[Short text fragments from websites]
=== Begin Enclosure ===

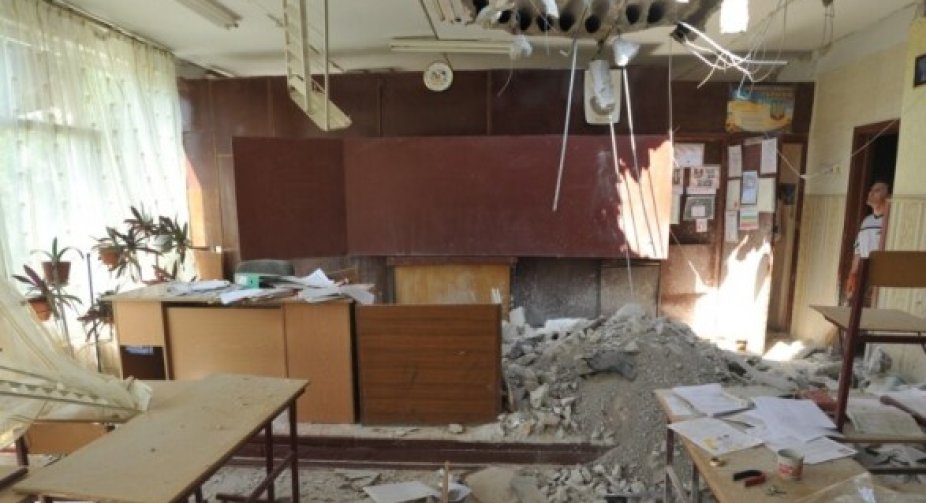 Внаслідок щоденних бомбардувань в Україні зруйновано 17 садочків і 74 інших закладів освіти – ОП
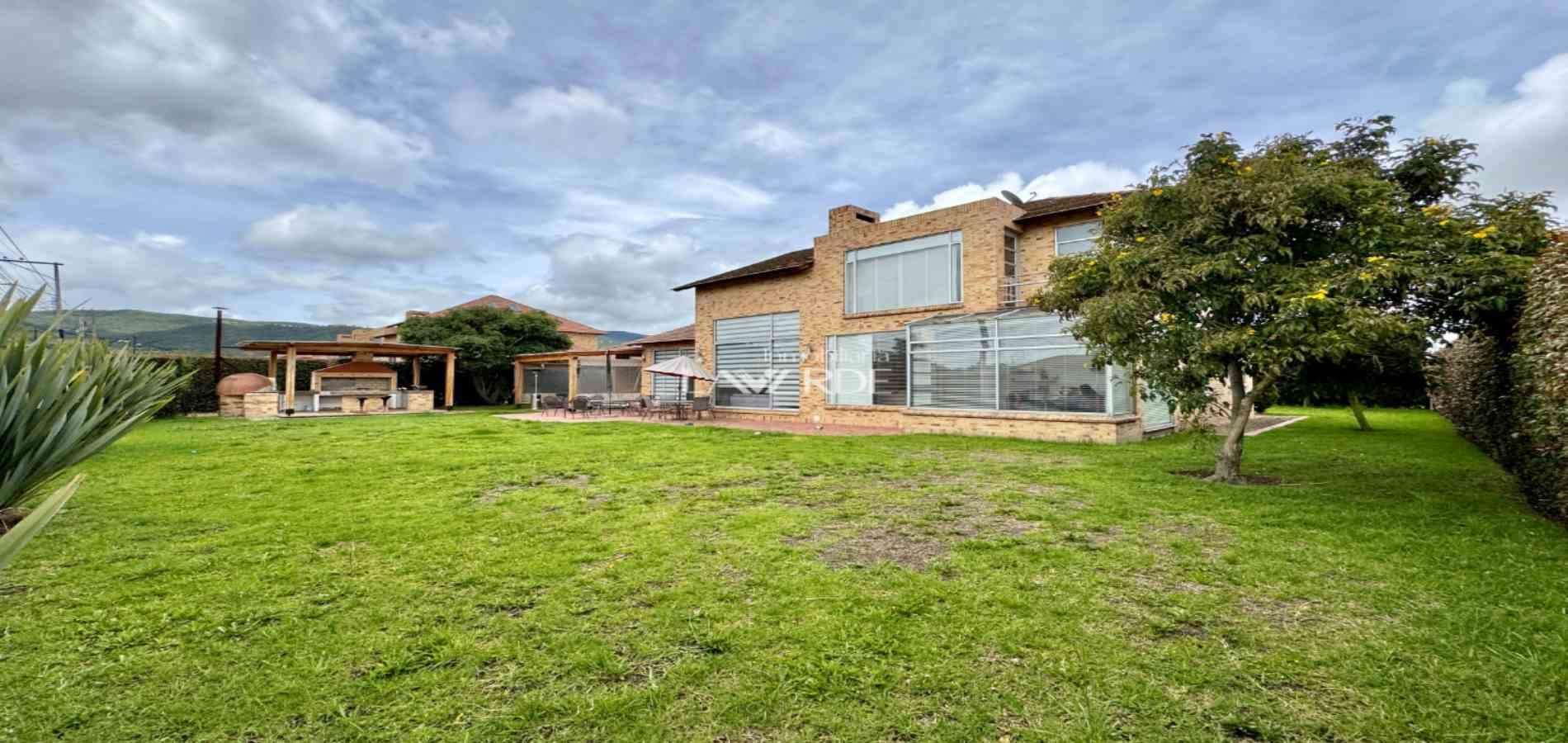 Casa en venta Cundinamarca Cajicá Cr Caminos De Chunugua 317 m2 Habitaciones 3 Baños 3 Garajes 8 Precio $1980000000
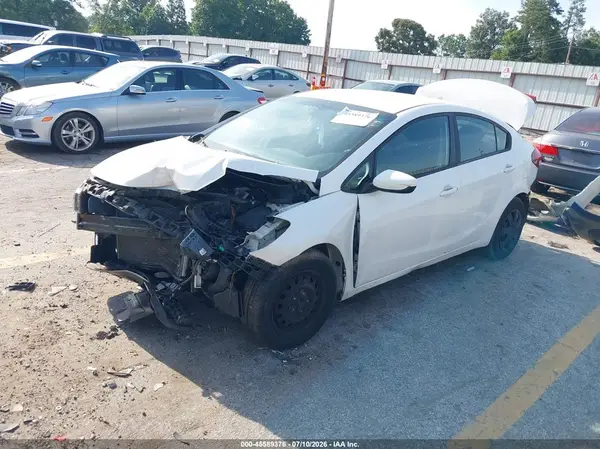 3KPFK4A71HE069242 2017 KIA FORTE - Image 2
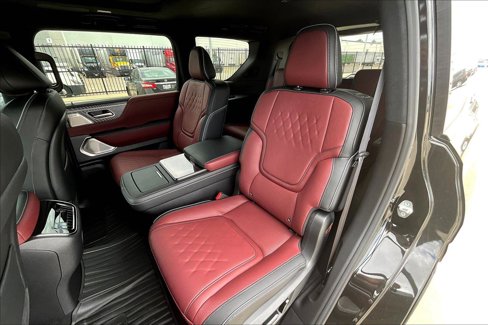 New 2026 INFINITI QX80 Autograph image 19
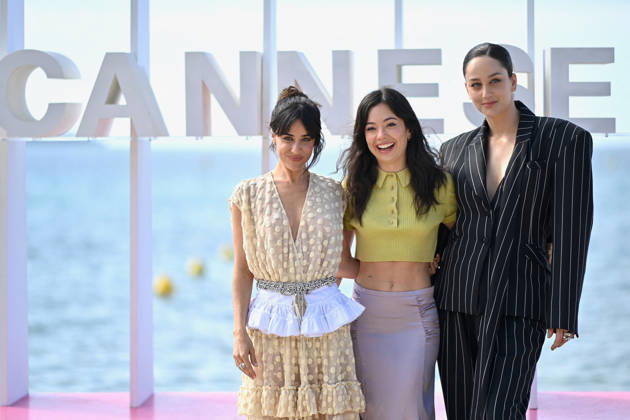 9th Cannes Series - Many People Need To Die Photocall. FC CANNES, FRANCE - APRIL 25 Macarena García, Anna Castillo and Laura Weissmahr attends the Many People Need To Die Photocall at the 9th Canneseries International Festival at Plage Du Majestic on April 25, 2026 in Cannes, France. Photo by Franck Castel ABACAPRESS.COM Cannes France  Copyright: xCastelxFranck ABACAx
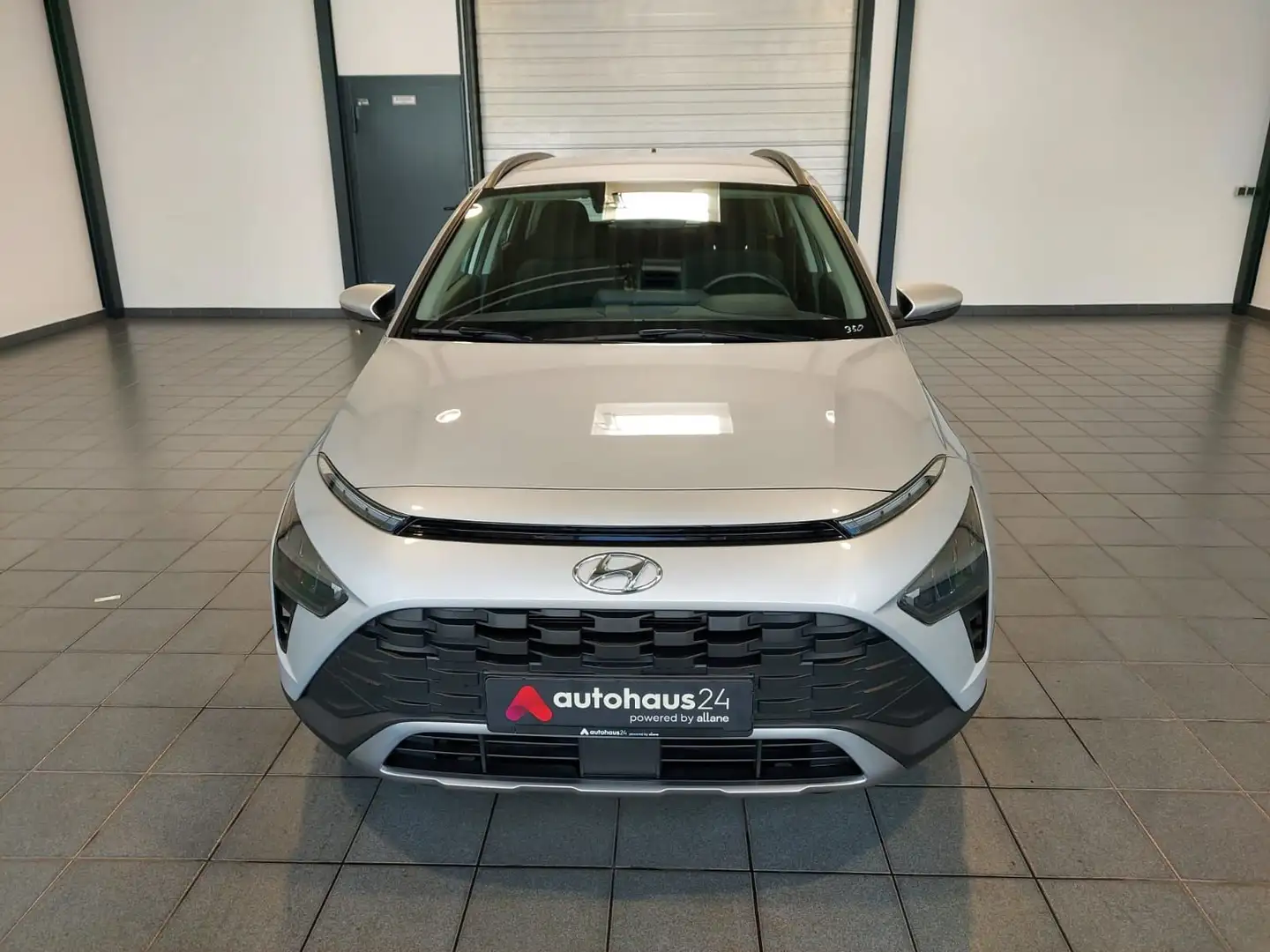 Hyundai BAYON Bayon 1.0 T-GDI Intro Ed. Mild-Hybrid Silber - 2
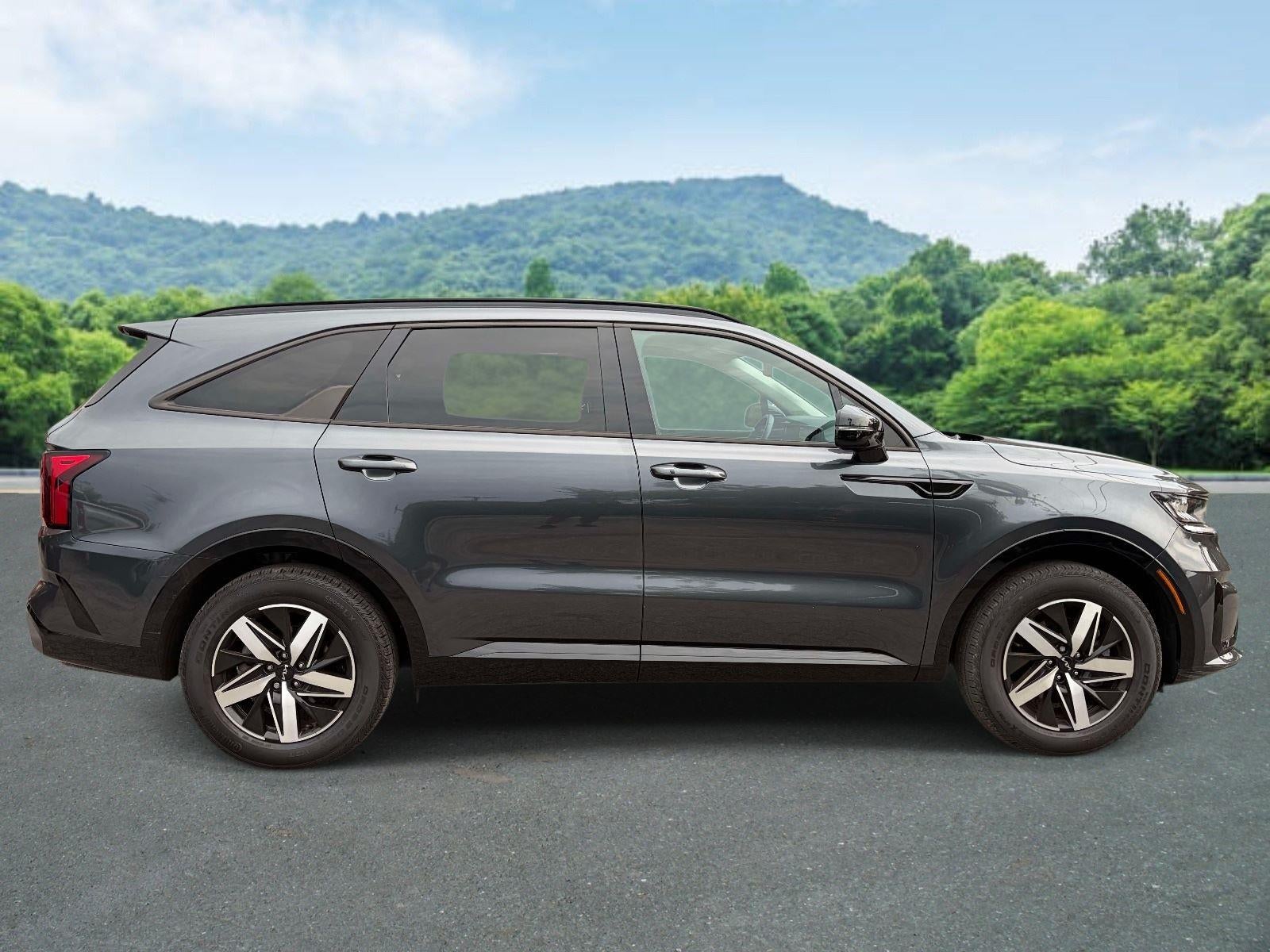 2023 Kia Sorento S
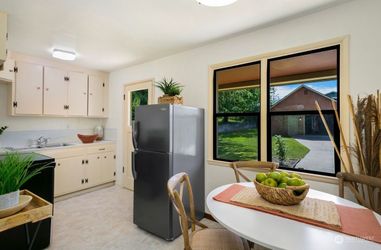 Levella Fridge/freezer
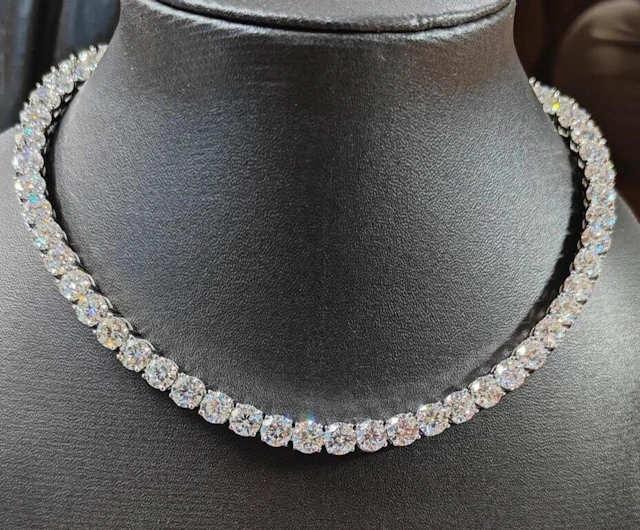 Gold & White Diamonds 60 Cts Necklace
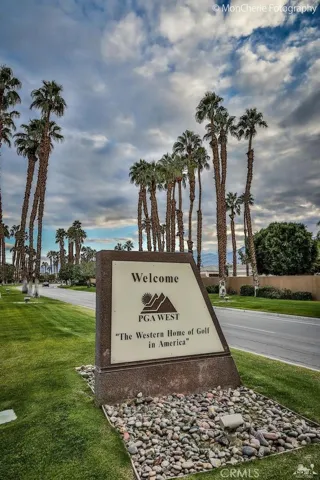 54458 Oak Tree A113, La Quinta, California 92253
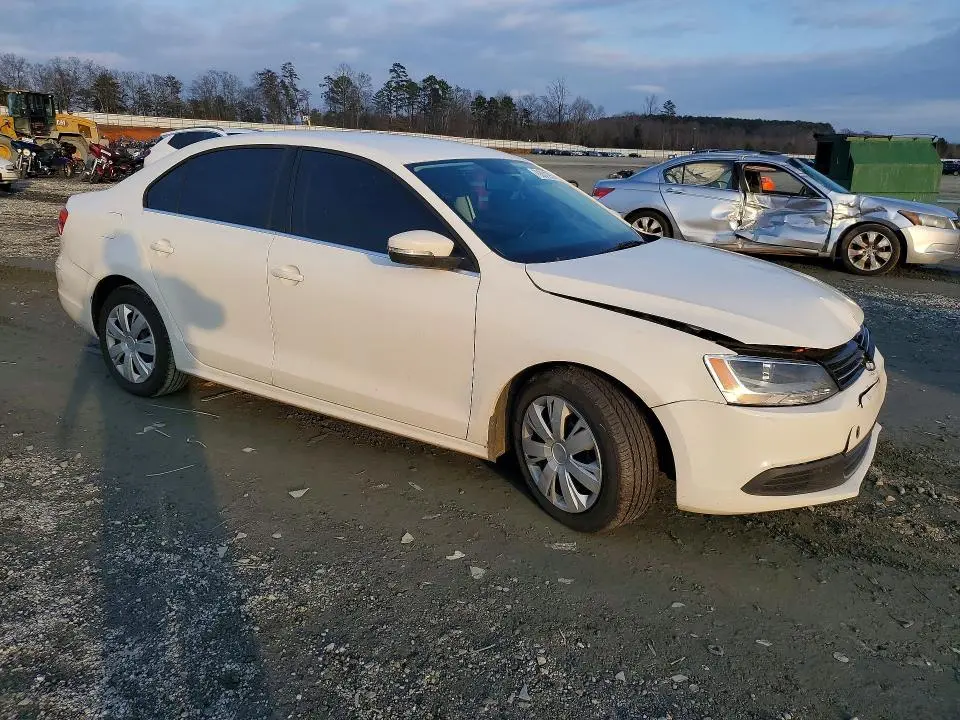 2013 VOLKSWAGEN JETTA SE  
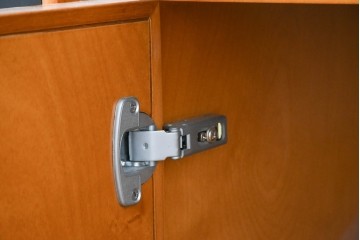 中古　美品　高級品　モリシゲ(MORISHIGE/森繁)　鳥眼杢(バーズアイ)が目を引く照明付きサイドボード(収納棚、戸棚、サイドキャビネット、食器棚、カップボード、飾り棚、コレクションケース)(定価約90万円)(R-083769)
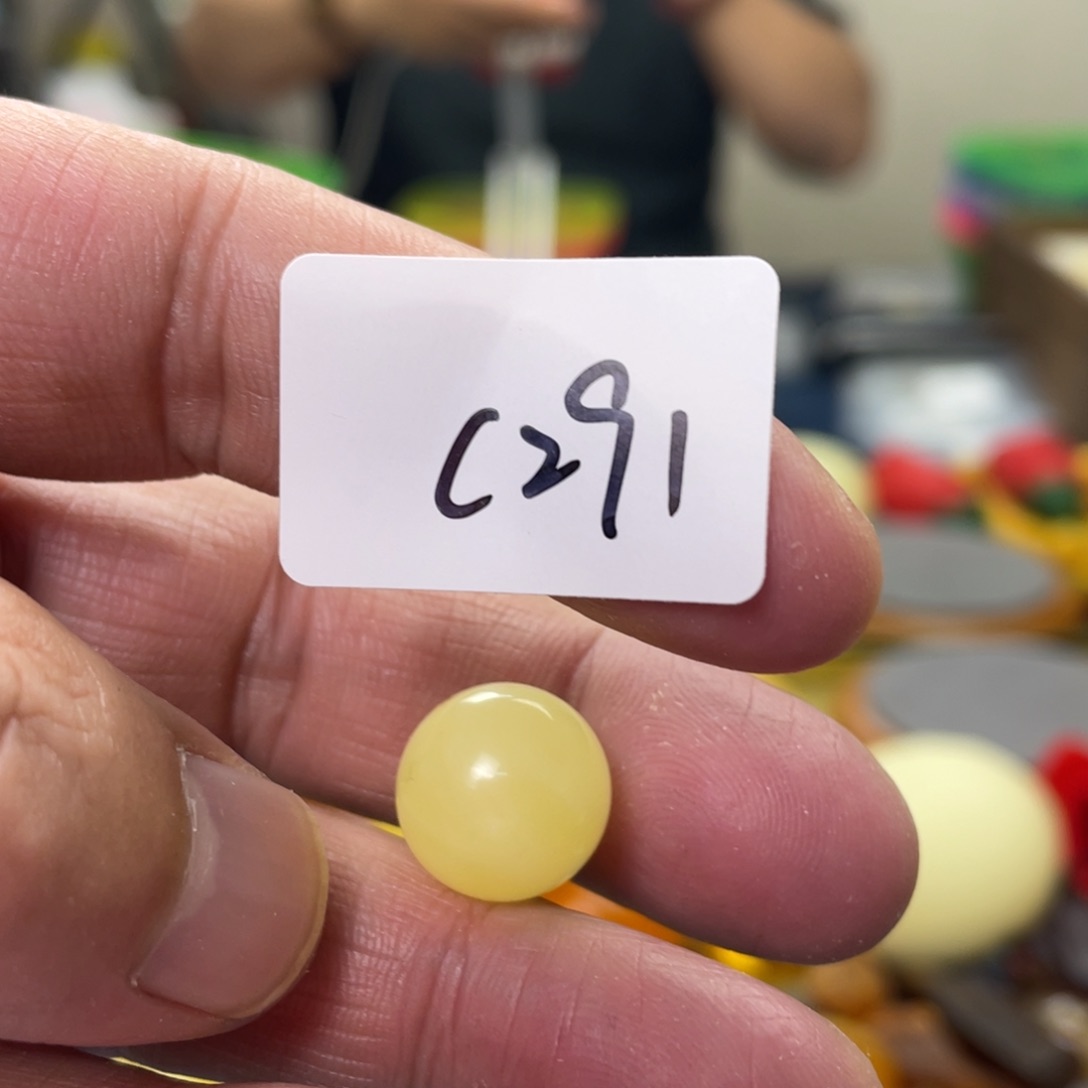 手链琥珀未镶嵌多样性发，发其中一件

=== End Enclosure ===

* **Exercise**
All pictures are to be dropped, and the records above returned exactly.

* **Solution**
 Внаслідок щоденних бомбардувань в Україні зруйновано 17 садочків і 74 інших закладів освіти – ОП
 Casa en venta Cundinamarca Cajicá Cr Caminos De Chunugua 317 m2 Habitaciones 3 Baños 3 Garajes 8 Precio $1980000000
 3KPFK4A71HE069242 2017 KIA FORTE - Image 2
 New 2026 INFINITI QX80 Autograph image 19
 9th Cannes Series - Many People Need To Die Photocall. FC CANNES, FRANCE - APRIL 25 Macarena García, Anna Castillo and Laura Weissmahr attends the Many People Need To Die Photocall at the 9th Canneseries International Festival at Plage Du Majestic on April 25, 2026 in Cannes, France. Photo by Franck Castel ABACAPRESS.COM Cannes France  Copyright: xCastelxFranck ABACAx
 Hyundai BAYON Bayon 1.0 T-GDI Intro Ed. Mild-Hybrid Silber - 2
 2023 Kia Sorento S
 Levella Fridge/freezer
 Gold & White Diamonds 60 Cts Necklace
 54458 Oak Tree A113, La Quinta, California 92253
 2013 VOLKSWAGEN JETTA SE  
 中古　美品　高級品　モリシゲ(MORISHIGE/森繁)　鳥眼杢(バーズアイ)が目を引く照明付きサイドボード(収納棚、戸棚、サイドキャビネット、食器棚、カップボード、飾り棚、コレクションケース)(定価約90万円)(R-083769)
 手链琥珀未镶嵌多样性发，发其中一件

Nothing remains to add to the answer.